The union regional council executive committee passed a resolution on Oct. 25 to consent to the trusteeship. In the resolution, the committee states a need for “independent supervision and oversight to promptly take control, lock down and preserve the electronic voting system to prevent tampering,” as well need for an independent investigation into vote rigging it says regional council staff uncovered. 

The national carpenters union (UBC) appointed James Gleason as regional council supervisor. In a letter to members, he wrote that Executive Secretary-Treasurer Evelyn Shapiro, Director of Organizing Juan Sanchez and Director of Contract Administration Dan Hutchins all resigned from the union.

The regional council, headquartered in Kent, Wash., also represents workers in Alaska, Idaho, Montana, Oregon and Wyoming.

“There is a UBC team on the ground in the Kent office conducting a thorough investigation into voter fraud, pension and welfare investment improprieties, and other areas of mismanagement,” Gleason wrote.
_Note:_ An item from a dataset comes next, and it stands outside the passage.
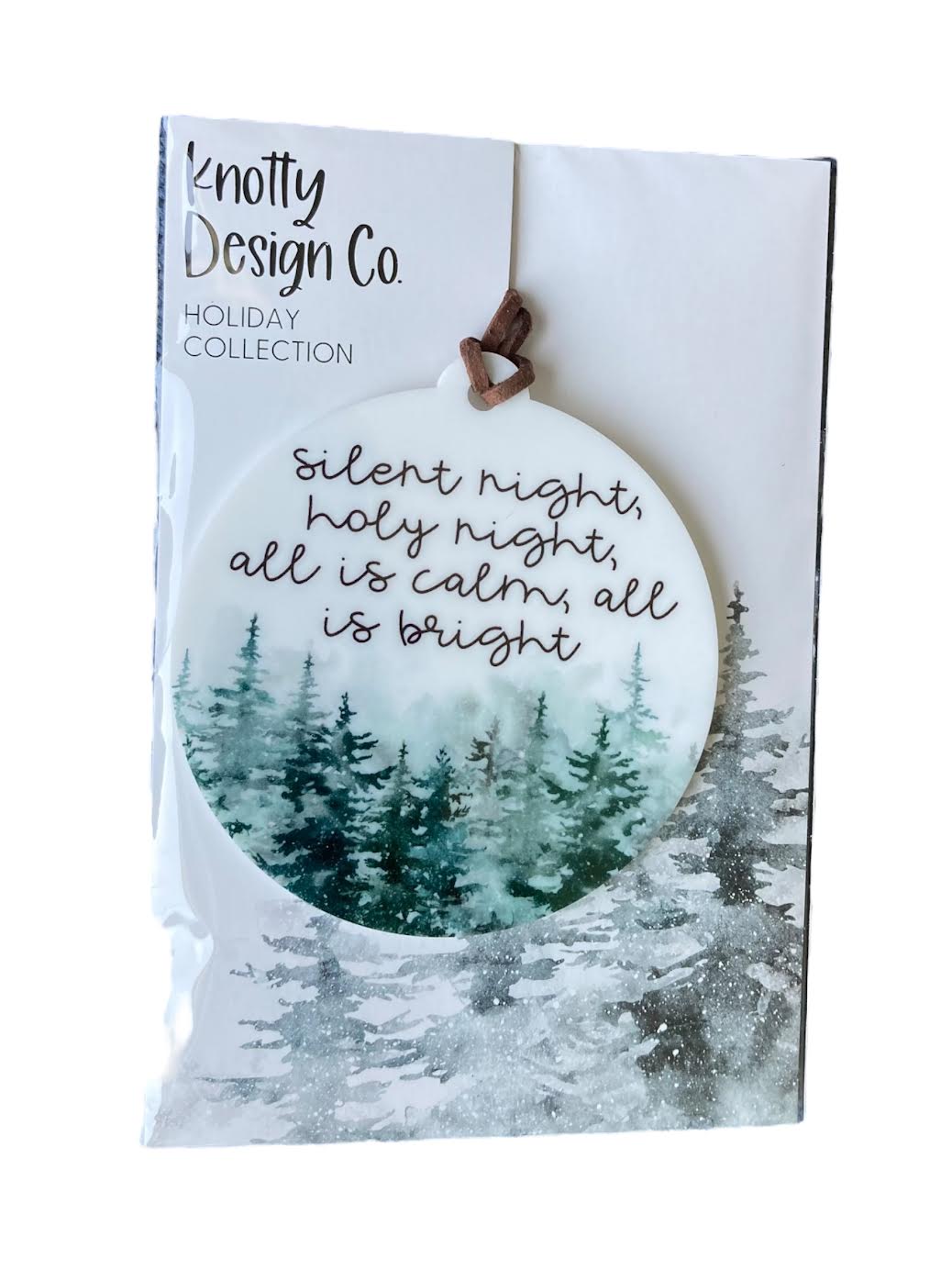 Acrylic Christmas ornaments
A union spokesperson declined to comment to ENR. But, according to a post on the union website, UBC General President Douglas McCarron attended a carpenters Local 30 meeting in Seattle on Nov. 8 and said that there was evidence of fraud during the vote on the third tentative agreement with the Associated General Contractors of Washington for members in western and central Washington. 

UBC_Doug_McCarron_Seattle_ENRwebready.jpgUBC General President Doug McCarron attended a union local meeting in Seattle after the union regional council's leadership was disbanded. Photo courtesy of Northwest Carpenters Union


Union members in Washington voted down a fourth tentative agreement in September, leading to a strike that lasted about three weeks before 53% approved the fifth tentative agreement in early October. Word of the possible voter fraud left some members questioning online whether their new contract could be nullified. McCarron said at the meeting that it had not been determined whether the fourth and fifth votes were impacted by voting fraud. 

During the Washington contract negotiations, union leadership faced increasing pressure from inside. An organization of Northwest Carpenters Union members called the Peter J. McGuire Group — named after the labor leader and UBC founder — opposed the tentative agreements, called for union leadership to resign and organized wildcat strikes separate from leadership-organized picket lines during the strike as many worksites were subject to no-strike clauses. 

Contract negotiations were not the only issue riling union members. In February, the Carpenters Trusts of Western Washington sent a letter to pension fund participants to notify them of “an investment loss” in 2020 related to investments it made with management firm Allianz Global Investors. The trust states it had completely divested from the firm and was suing it to recover the losses. 

McCarron said during the Local 30 meeting that $250 million of pension and health fund assets were lost in the investments. The trust has hired a new investment advisor, he added. 

It was not immediately clear how long the trusteeship would last. McCarron said the regional council’s delegate body and executive board were disbanded, and new elections would be held once the trusteeship was complete. 

“Our top priority remains servicing the needs of our members and organizing,” Gleason wrote to members.